There are all sorts of complexities around transmission rates while infected. The evidence is strong that if you are vaccinated, you are less likely to transmit the virus to as many people as those who are not. And there is a big difference in transmission rates by those that take care to protect others (wearing masks, physically distance, isolation when it is warranted) and those that do not.

But an understanding of data lets you know that the death rate is not just about how severe the symptoms are on average. That is an important factor. The other critical factor is how many people get sick. And then there are many other potentially important factors (such as what if the hospital system gets overwhelmed so life saving measures cannot be given to all those in need, or what if the variant does not respond to certain treatments that worked for previous variants).

With an understanding of data, you can realize that risk is not just a measure of how risky it is for each person that gets sick. If the number getting sick greatly increases, even if it is more likely each of those people survive, it is possible for increasing deaths from a variant with less severe outcomes on average.
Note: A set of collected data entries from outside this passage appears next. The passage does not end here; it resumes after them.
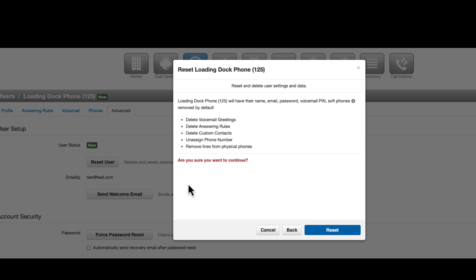Review the settings you have selected to reset and select Reset to continue or cancel or back if you need to change something first.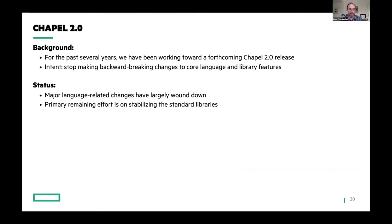If you've been following the project for a while, you may be familiar with Chapel 2.0. The idea is that we'll identify a forthcoming Chapel release called 2.0, and for the core language and library features we'll stop breaking those features going forward. Most of the language-related changes have largely wound down. Most of our effort this past year has actually gone toward stabilizing the standard libraries themselves — reviewing them and looking at the names of routines, arguments, behavior, and making sure things are the way we want to commit to them.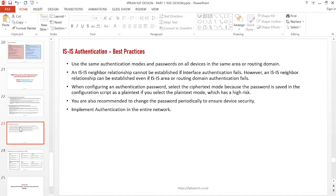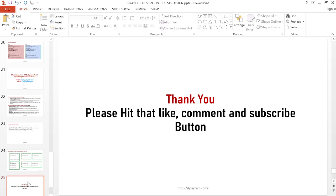To recap the best practices: always use the same authentication mode and password on all devices in the same area and on interconnected interfaces. Never use plain text mode — use the hashed modes like MD5, HMAC, or keychain to improve network security. Implement authentication across the entire network, not just a section. This is how to implement authentication on an ePRAN network. Thank you for watching, please remember to like the video, leave your comments, and subscribe to our channel.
The same understanding of data applies to other instances of using data to understand the implications of changes. You need to understand the system and how changes will impact that system. And doing so isn’t as simple as looking at one variable and saying, “Well that one variable is moving in a positive direction so things will get better.” You must go beyond the first implication of some piece of data you are looking at. You must understand the system and understand how that change will impact the whole system.

On a related note, it is amazing to me what these past two years illustrate about human psychology. I would not have predicted that society would come to accept 1,500 deaths a day in the USA in the way that we have. I certainly would not have expected our reaction to such a pandemic after seeing how people react to other risks and large losses of lives. At least for me, how this crisis has unfolded over 2 years has been a reminder of how flawed my guesses about what people care about and how they will react to circumstances. Adjusting your understanding to new evidence is an important part of managing. Doing so is often quite difficult.